While Western businessmen are traveling behind the Iron Curtain in increasing numbers, Western ideas are crossing the frontiers with even greater impact —and some of them are stirring up a kind of revolution. Beset by economic problems that stem largely from their doctrinaire Marxism, the nations of the Soviet bloc are turning to many capitalistic practices that they once roundly condemned. Last week in the pages of Pravda, Russia’s . chief prophet of the “new” economics, Kharkov University Economist Evsey Liberman, renewed his campaign for adoption of the profit motive, calling for the creation of a new government agency to spread the idea through the Soviet economy.
Liberman is also pushing for more decision making by plant managers instead of central planners, has been successful enough to announce that his ideas “will be extended next year over the whole of Soviet light industry.” But his voice is only one in a rising chorus of criticism directed at classic Marxist economics. Lately Pravda and other Soviet publications have carried articles by economists branding the Soviet system “obsolete” and advocating a more or less free market system. Sergei Afanasyev, a deputy premier of one of the Soviet republics, fortnight ago came out for “material stimuli” as a necessary mainspring of the Russian economy. Lev Leontyev, an economist of the Soviet Academy of Sciences, from which initial opposition to Liberman’s theories came, recently advocated the profit motive and payment of interest as “key instruments of economic control.”

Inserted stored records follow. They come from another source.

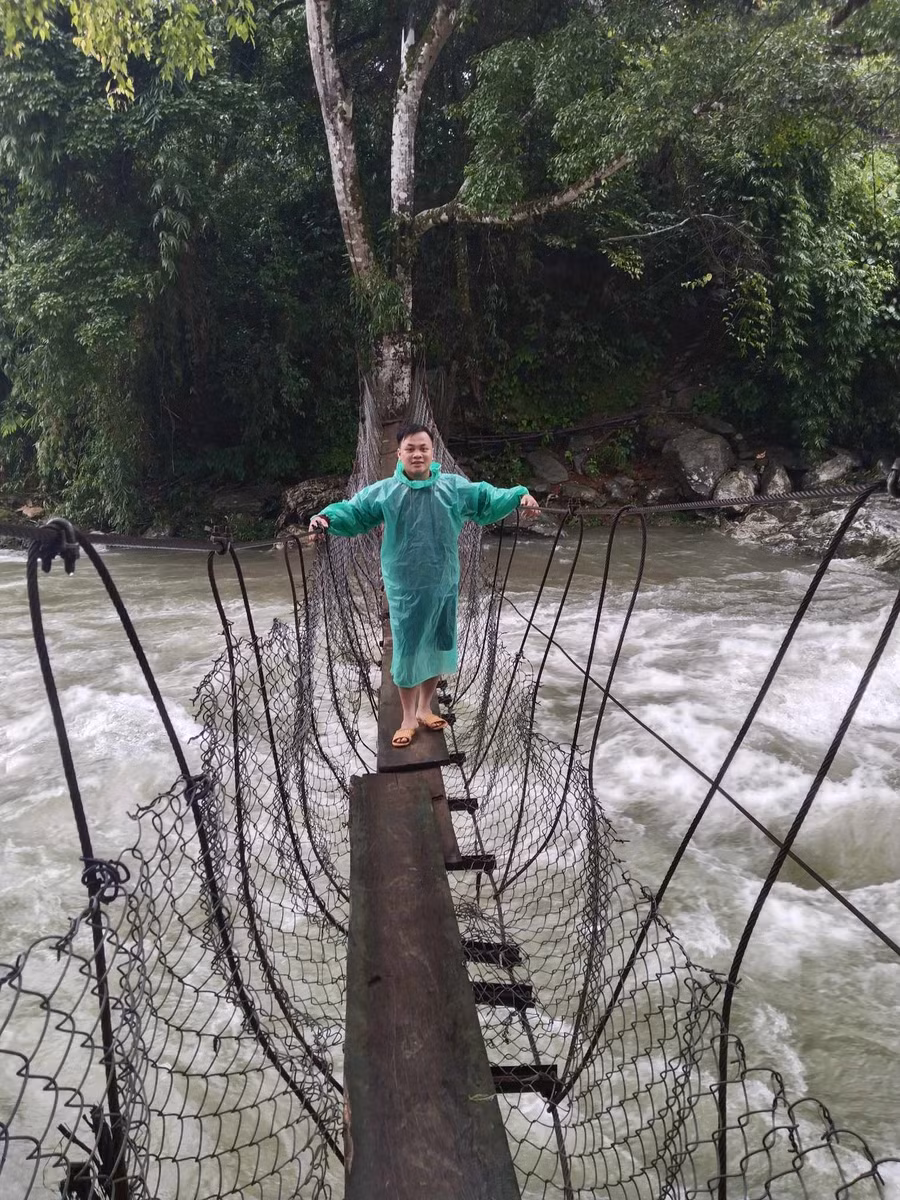 Đường đến điểm trường lẻ của thầy Hồ Văn Ngọc - giáo viên Trường Phổ thông dân tộc bán trú Tiểu học Trà Dơn. Ảnh: TG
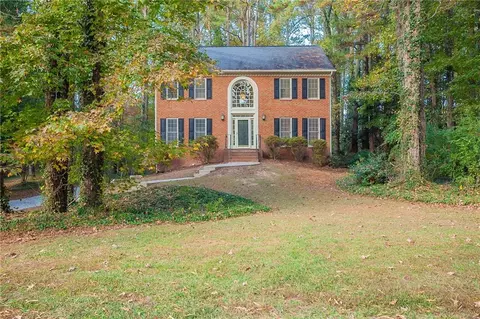 185 Creekwood Trl, Fayetteville, GA 30214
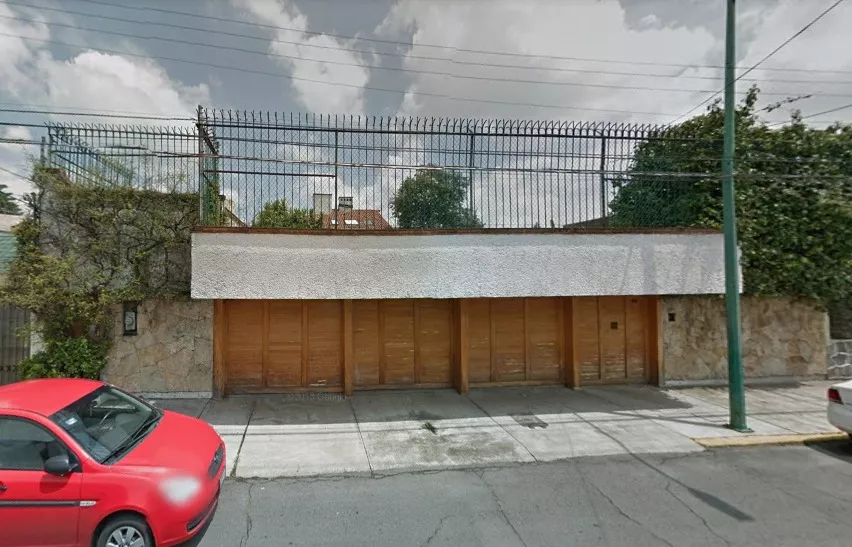 Remate De Grande Casa En Residencial Colon Y Cipres, Toluca Estado De México, Eg.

Disgusted by Controls. Its opponents, notably in Red China, call this switch economic “revisionism,” while its backers prefer to regard it as “creative
Marxism.” By any name, it is spreading through the Soviet orbit and causing considerable ferment. Czech economists have openly attacked the Marxist economic system, and Czech President Antonin Novotny recently stressed the necessity of “material incentives” for the workers. Even more important for its potential effect on the Communist world, the new way of thinking has given encouragement to the long-suffering consumers of the Soviet bloc, who have begun to sound off loudly about the inefficiencies of a system that provides them with so few comforts.
All this has been accompanied by the gradual emergence of a new, young, and questioning breed of Communist managers. Though they remain loyal Communists, they are better educated and more pragmatic than the baggy-pants apparatchiki (party hacks) who have steered the Eastern economies since World War II. They are acutely aware of the spectacular success of Western Europe’s free market system, take professional pride in making farms and factories as efficient as possible. Perhaps most of all, they are openly disgusted at the smothering array of rules, regulations, senseless orders and excessive controls that have put Communist economies in their present mess.
Class for the Classless. The central government planners are still on top, and the new executive types have a long way to go before they can control economic policy. But their numbers are growing, their ideas are winning steadily wider acceptance, and the new moves toward capitalistic methods are giving them a chance to exercise their managerial capabilities. Quarterly performance bonuses are now widespread behind the Iron Curtain, and the Czech government has introduced “elastic price policies” tied to the market. In Poland, 36 enterprises are involved in a pilot project to determine if output and quality can be improved by pushing for a profit. Hungary has imposed a 5% interest charge on machinery and supplies to encourage plant managers to use capital more efficiently.
The young technocrats are one of the principal forces behind Rumania’s defiant drive toward all-round industrialization and economic independence from Moscow. Throughout the Soviet bloc, they have already impressed their Western counterparts as able hard bargainers. Mostly between 30 and 45, they have also managed to create a few incentives for themselves as well as for the workers. They get much larger salaries, bigger bonuses and first crack at scarce apartments, send their children to the best schools, have cars and often expense accounts. Their wives are more soignée than most—and so are their mistresses. They seem to enjoy adding a bit of class to the classless society.